What really makes the film stand out, though, is the way Hooper completely turned a standard formula on it‘s ear. Typically in these movies, you have strangers in a strange place doing bad things and getting killed for it. Case in point – Friday the 13th. Another good example is Hostel. These are essentially “warning movies,” or morality tales. However, in Eaten Alive, we’re immediately introduced to a young prostitute. After a nasty encounter with the Future Mr. Krueger, she sees the error of her ways and stands on the brink of salvation. She’s set up to be our hero, but after checking into Judd’s Starlight Hotel, she meets her grisly end, courtesy of Judd and a rusty pitchfork (a death, by the way, that Roberta Collins sells beautifully).
And from there it spins out of any sort of predictable pattern (which is special because “there“ is about 9 minutes in). Around the halfway mark there’s a chase scene involving Judd and a young child and we honestly do not know if the child is going to make it out alive. It‘s as if you know people are going to die, but you have no idea who and there’s no inherent reason. There’s no statement being made by these deaths (that I can gather anyway) and that’s what makes it truly scary – this guy is just plain crazy. These murders aren’t necessary evils designed to teach the audience a lesson – these people just die. Painfully. Randomly.
"Everybody knows Jason rules. He could kick that Freddy guy’s ass any day of the we…what? Shit, he’s standing right behind me, isn’t he?"
Now, there’s always the possibility that I missed the point spectacularly (and if so, please feel free to let me know), but I hope I didn’t. I think the arbitrary nature of the film is what makes it so powerful.
What in the blue hell happened, indeed.
I’ve reviewed a few Dark Sky releases now and even though the films sometimes vary in quality – there’s always one constant: the cover artwork is great. And of course, that’s a trend continued here. It’s a painted-type poster featuring Judd and a captive young woman. Great stuff.
Feature-wise, there’s a nifty little commentary with the writer, some cast and the make-up artist. Worth a listen, if only once. There’s also a little featurette on Robert Englund and his career up until his role in Eaten Alive. It’s almost fluff and it’s really short, but it was interesting and a nice reminder that he’s had a full career above and beyond Freddy Krueger.

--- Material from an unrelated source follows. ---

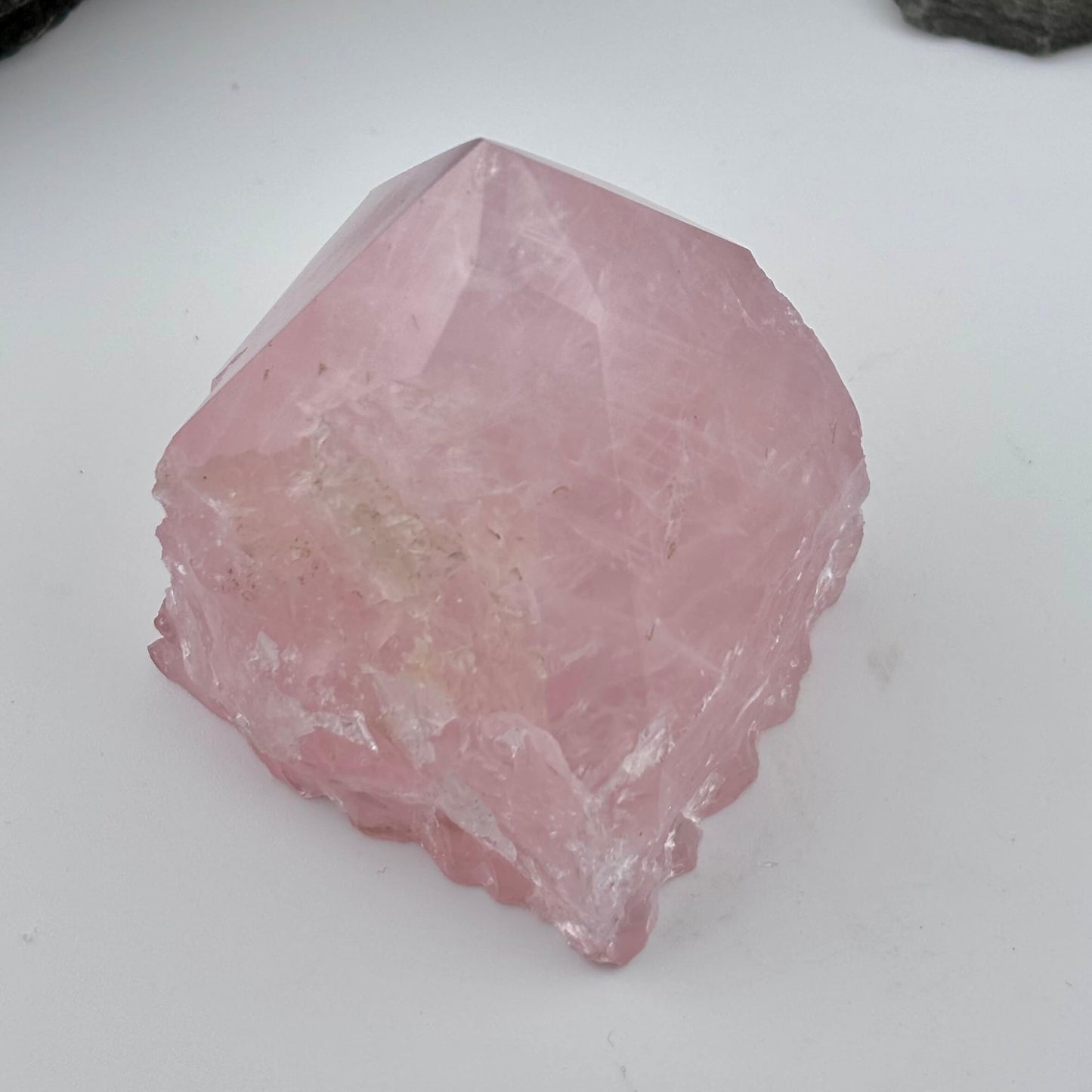Rough Polished Point Rose Quartz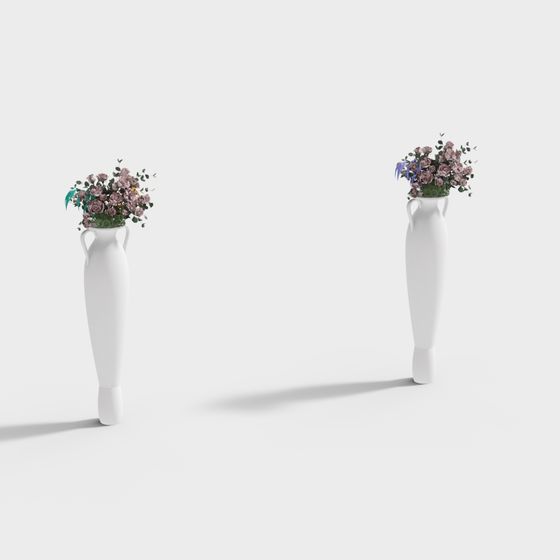 Stylish Classical Vase 3D Model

Folger’s – The Official Coffee of Hell’s Police Force
What I’m assuming would be the centerpiece of these features is a documentary called “The Butcher of Elmendorf: The Legend of Joe Ball.” It’s roughly 30 minutes of Joe Ball’s nephew telling his uncle’s story. This had great potential, except that the nephew wasn’t engaging at all and even seemed to make really interesting tidbits seem bland and dismissable. I would probably call this the only dropped ball on the disc.
In the end though, that little blemish isn’t enough to keep me from proudly displaying this disc on my shelf. Not only as a great genre flick, but also as a reminder of how Tobe Hooper earned that “Master of Horror” title in the first place.